Domenico Cacopardo, ItaliaOggi 29/3/2014, 29 marzo 2014
IN 12 ANNI LA SPESA PUBBLICA A +46%, LA SANITÀ +61%, LE PENSIONI A +57%. E, NONOSTANTE I BLOCCHI, IL COSTO DEL LAVORO È SALITO DEL 33%
Abbiamo tra le mani una tabella, una semplice istruttiva tabella che esprime in modo sintetico il bilancio consolidato dello Stato (2000-2012). Si tratta di un documento molto istruttivo, poiché, con la l’inoppugnabile eloquenza dei numeri, ci dice più di quanto possono averci detto centinaia di puntate di Floris e Santoro, che Dio li abbia in gloria. Il totale delle uscite dello Stato è passato dai 549 miliardi del 2000 agli 801 del 2012 (45,7%), in barba a tutte le manovre, le mezze austerità annunciate e pagate care dai contribuenti. La crescita è stata costante con una significativa accelerazione durante il periodo berlusconiano 2001-2006, nel quale siamo passati da 615 a 748 miliardi. Benché si sia impegnato nei compiti a casa, anche con Monti la spesa è cresciuta.
Esaminiamo i quattro capitoli principali della spesa corrente: erogazioni per redditi da lavoro dipendente, acquisto di beni e servizi, prestazioni sociali in denaro e interessi passivi. Nonostante tutti i blocchi contrattuali, lo Stato, per i redditi da lavoro dipendente, è passato dai 124 miliardi del 2000 ai 165 del 2012. Non rispondono, quindi, al vero le dichiarazioni sul contenimento di questa voce. Ciò vuol dire che la dinamica salariale s’è comunque sviluppata secondo una curva determinata dalla contrattualistica in essere. Ovviamente senza alcun rapporto con la qualità e la quantità dell’offerta per il cittadino.
Le prestazioni sociali in denaro (sanitarie, previdenziali e assistenziali) passano dai 263 miliardi del 2000 ai 422 del 2012 (la maggiore crescita tra le voci in esame). Le prestazioni sanitarie sono cresciute del 61%, le pensioni del 57% e l’assistenza (cassa integrazione e pensioni sociali) del 79%. Con buona pace dei vari ministri della sanità, del lavoro e dell’economia.
Per la voce più importante delle uscite, le prestazioni sanitarie, ciò significa che il meccanismo è incontrollabile: le regioni, che dispongono del rubinetto della spesa, non intendono coordinare le loro politiche con le esigenze del Paese.

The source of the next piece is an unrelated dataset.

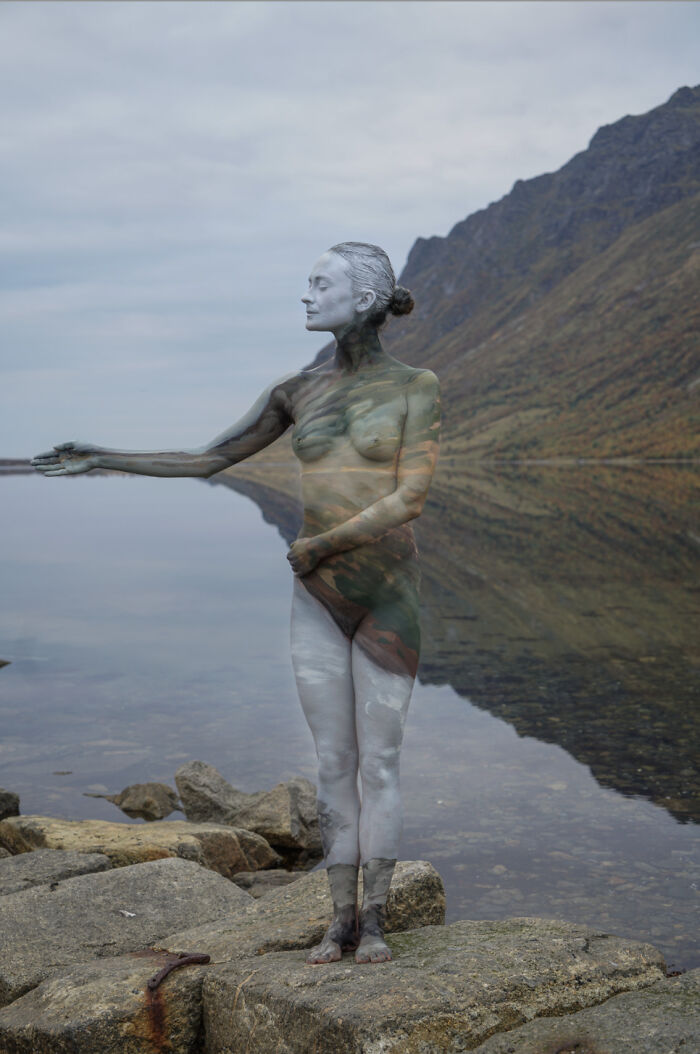 We Worked For Two Weeks In Harsh Conditions To Make This Model Disappear Into Breathtaking Arctic Landscapes We Worked For Two Weeks In Harsh Conditions To Make This Model Disappear Into Breathtaking Arctic Landscapes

E le agitazioni che sorgono nel territorio per le chiusure degli ospedali marginali dovrebbero essere rivolte agli amministratori dei capoluoghi regionali perché, evidentemente, non tagliano per difendere un fiume di uscite di carattere clientelare o illegale. Finché il Tesoro non prenderà la strada dei costi standard, impedendo a una regione di pagare la siringa 10 volte di più della regione virtuosa, non si uscirà dalla spirale.
La più stabile delle voci è quella che riguarda gli interessi passivi: si è evoluta da 74 miliardi a 86 (+15%).
Resta l’ultima voce: acquisti di beni e servizi, gli appalti cioè, passati da 82 miliardi del 2000 a 132 (+53%). Si tratta di un lordo, giacché lo stanziamento comprende l’Iva. Il numero ci consente una riflessione: non molte settimane fa, alcuni procuratori della Repubblica e il procuratore della Corte dei conti hanno annunciato la crescita del fenomeno corruttivo. Qualcuno ha azzardato una stima: 60 miliardi. Ciò significherebbe che il 45% dello stanziato finisce in tangenti. Un numero che non può corrispondere alla realtà e che ci induce a suggerire una maggiore prudenza nelle quantificazioni, per evitare un ulteriore e infondato sputtanamento del Paese. La recente nomina a commissario anticorruzione di Raffaele Cantone, un magistrato serio e preparato, uso a ragionare sui fatti e sugli atti, ci induce a ritenere che la stagione della grida manzoniane stia per esaurirsi a favore di una più attendibile fotografia della situazione.